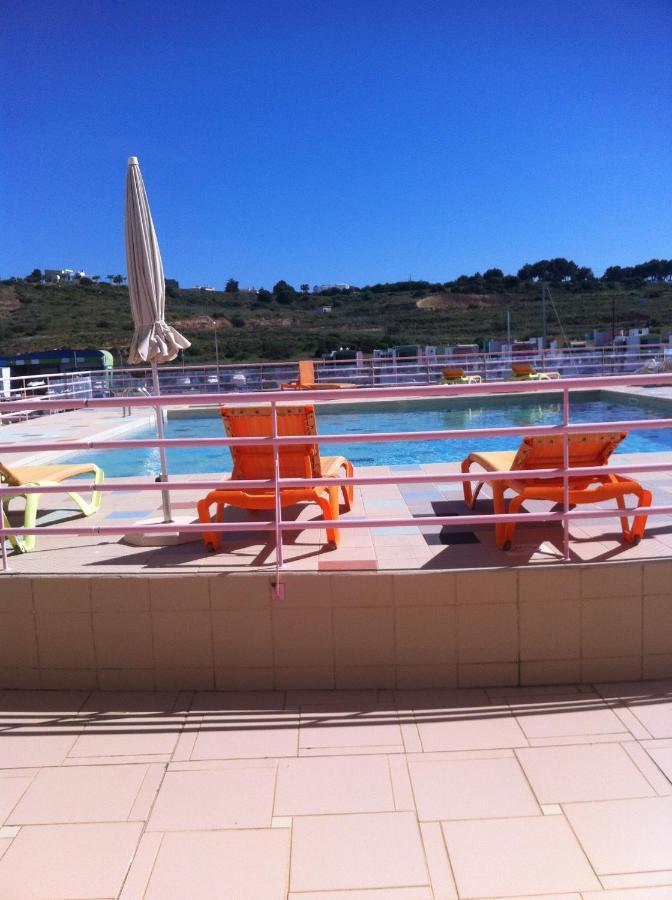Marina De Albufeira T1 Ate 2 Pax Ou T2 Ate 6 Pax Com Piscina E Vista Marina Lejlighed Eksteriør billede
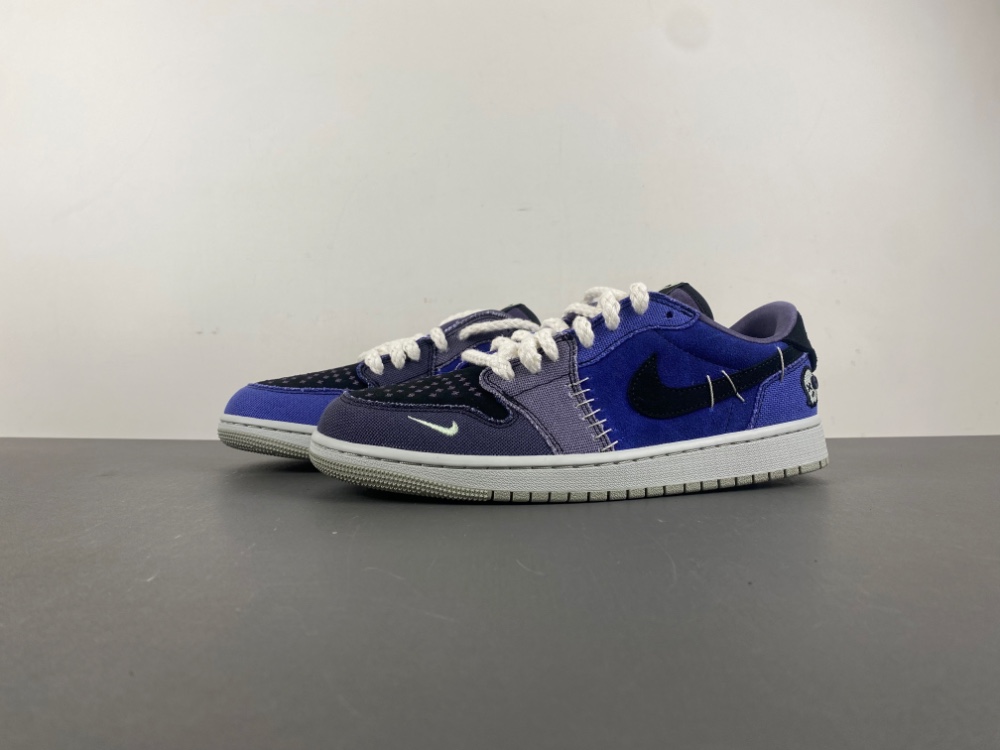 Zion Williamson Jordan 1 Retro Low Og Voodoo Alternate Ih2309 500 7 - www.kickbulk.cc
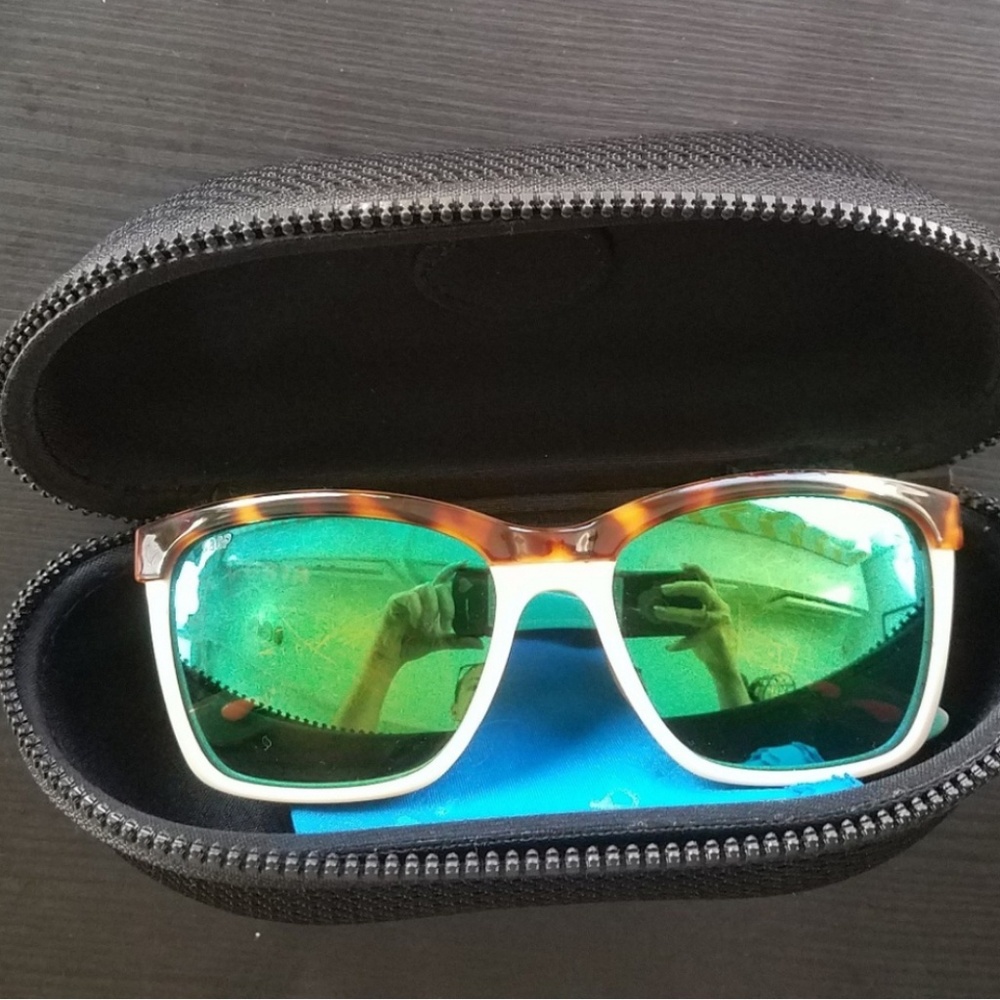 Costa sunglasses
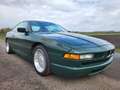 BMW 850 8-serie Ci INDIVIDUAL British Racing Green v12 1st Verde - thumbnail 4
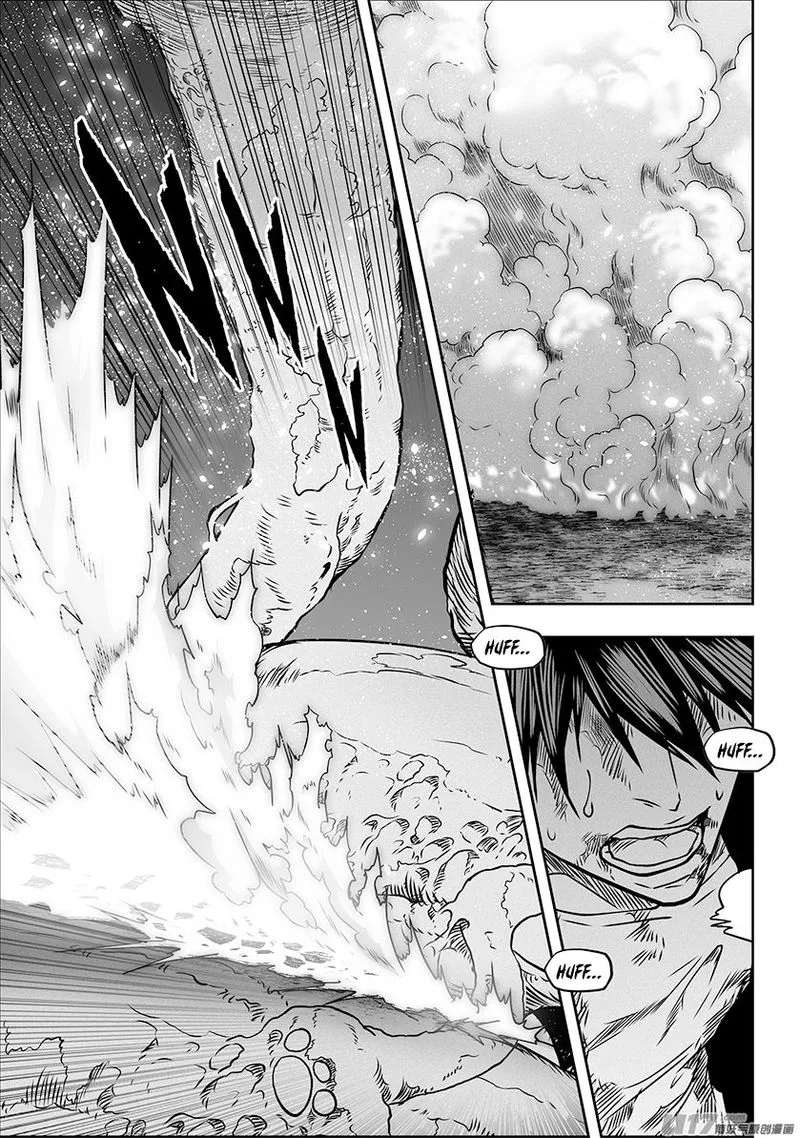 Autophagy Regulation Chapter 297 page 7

* [INSTRUCTIONS FOR THE TASK] Copy exactly the lines from the one containing "Costa sunglasses" through the final line of the records above, both included, and leave out any pictures.

* [SOLUTION]
 Costa sunglasses
 BMW 850 8-serie Ci INDIVIDUAL British Racing Green v12 1st Verde - thumbnail 4
 Autophagy Regulation Chapter 297 page 7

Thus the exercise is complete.